Hacker News new | ask | show | jobs
by tmoertel 4749 days ago
I'm not sure I was able to get my point across to you. Let me try another approach.

The improvement I'm talking about occurs upsteam of the distributions, even though it is caused by the distributions' packaging policies.

Libraries are upstream from projects, and projects are upstream from distributions. If the distributions discourage projects from bundling libraries, this policy will encourage project developers to talk to the upstream library developers to get desired changes into the libraries, rather than go the customize-and-bundle route. This improved coordination and patch-flow benefits the users of the libraries and the users of the projects, regardless of whether those users rely on any particular distribution to get the software. Users are, as always, still free to pick whatever distribution best suits their preferences, or no distribution at all. Still, they benefit from the distributions' debundling policy.

1 comments

I might be able to comment better if the term "projects" were better defined. It just depends on, well, the nature of the dependencies. Most libraries depend on other libraries. Often at least three layers deep.

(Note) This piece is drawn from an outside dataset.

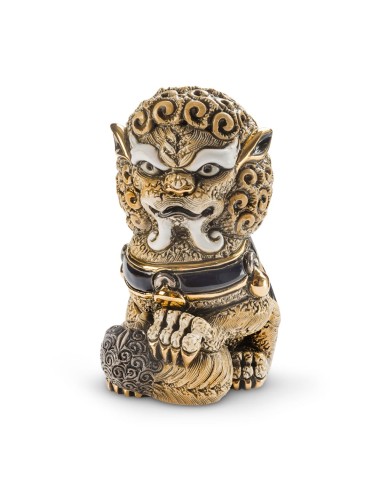 Zimtfarbene Foo-Löwin-Keramikskulptur von De...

If you could explain how your philosophy would deal with, for example, nginx and Apache both depending on libssl, which itself depends on libcrypto, which depends on libz and libc (both of which are also separate independent dependencies of Apache and nginx) then maybe we could discuss it better.

Oh, and in theory I should be able to swap libssl for libgnutls arbitrarily. How do we handle that?

You're conflating the dependency graph with the change-flow network. The first represents how projects rely on other projects; the second represents how changes must propagate to reach all users. Once you understand the difference, you'll understand why debundling is the sensible response to the sea of large-scale interdependent software-development projects that characterizes most FOSS ecosystems.
If I understand you correctly, you're saying the dependency graph and the "change-flow network" are completely orthogonal.

Separation of concerns is a value of good software projects. But there are practical realities that the author of the article enumerates specifically.

If there is a tight coupling between his application and a handful of upstream libraries, packagers are far more likely to break his application by distributing the latest version of that shared library. Other applications that aren't as tightly coupled can handle that upgrade. Since it is tightly coupled, he's going to be highly attuned to the upgrade needs for his specific statically compiled version.

They're not orthogonal; they're two directed graphs with the same vertices and different edges.

If the dependency graph G = (V, E) has a vertex for every software project and an edge x -> y iff downstream project y depends on upstream project x, then the change-flow network is the graph C = (V, F), where there is an edge x -> y in F iff there is a downstream path between x and y in G and also y requires an update and re-release when x changes (e.g., because it bundles a copy of x in its releases).

So if there is a change to project x, for it to flow to all affected dependents, you must update all downstream neighbors of x in the change-flow network C.

For example, consider the following dependency graph, in which library L is used by downstream library L2, and L2 by project P:

    L -> L2 -> P
If none of the projects bundle their upstream dependencies in their own releases, then the corresponding change-flow network has no edges, and updating any project requires only re-releasing its own package to satisfy all dependencies:

    L
    L2
    P
But if L2 bundles a copy of L, and P bundles a copy of L2, then the corresponding network looks like this:

    L -> L2
    L -> P

    L2 -> P

    P
A change to L requires re-releasing not only L but also L2, and P. A change to L2 requires re-releasing L2 and also P.

Does that make more sense now?

You seem to misunderstand how static linking works.

If P statically links to its own version of L2, then L2 is just a part of P. The fact that there may be a dynamically linked version of L2 elsewhere on the system is irrelevant.

Consider:

  L -> L2 -> P

  L -> L2 -> Q

  L -> L2 -> R
If the authors of L2 release a new version that P and Q are happy with, but creates an extremely subtle segfault condition in R, then what?

The packager could just wait to release the upgrade to L2 until all downstream packages have compatible releases.

The packager could backport a subset of the L2 patches that is still compatible with R (Redhat does this a lot).

The packager could silently curse the author of R for not statically linking the necessary frozen-in-time version of L2 and thus bypassing this problem entirely.

> If P statically links to its own version of L2, then L2 is just a part of P. The fact that there may be a dynamically linked version of L2 elsewhere on the system is irrelevant.

No, it's highly relevant because when a security fix lands for L2, it takes longer to propagate to users if projects like P bundle their own versions of L2 as part of their releases. In that case, users must wait for the project developers to work the already-released L2 fixes into their own bundled versions of L2 and then release new versions of the projects before any downstream users get the fix. But if P and other projects use the same version of L2 that everybody else does, everybody gets the fix right away.

> If the authors of L2 release a new version that P and Q are happy with, but creates an extremely subtle segfault condition in R, then what? ...

> The packager could silently curse the author of R for not statically linking the necessary frozen-in-time version of L2 and thus bypassing this problem entirely.

More likely, the packager would patch L2 to fix the problem with R and then talk to the upsteam L2 developers to get the patch included in L2 proper. This way, R's users get the fix right away and the problem gets eliminated at its source, in L2, rather than papered-over in R's private copy of L2.

As I wrote in my original post, one of the big benefits of the "no bundling" policy is to make sure that patches flow upsteam to where they belong instead of piling up in downstream repos where they do good for only one dependent project instead of all dependent projects.

I mean, sure, just typeset it in LaTeX and it'll breeze right past your Fortune 500 IT department's change management board.
Meanwhile, organizations too small for a change management board can outsource that function to Debian.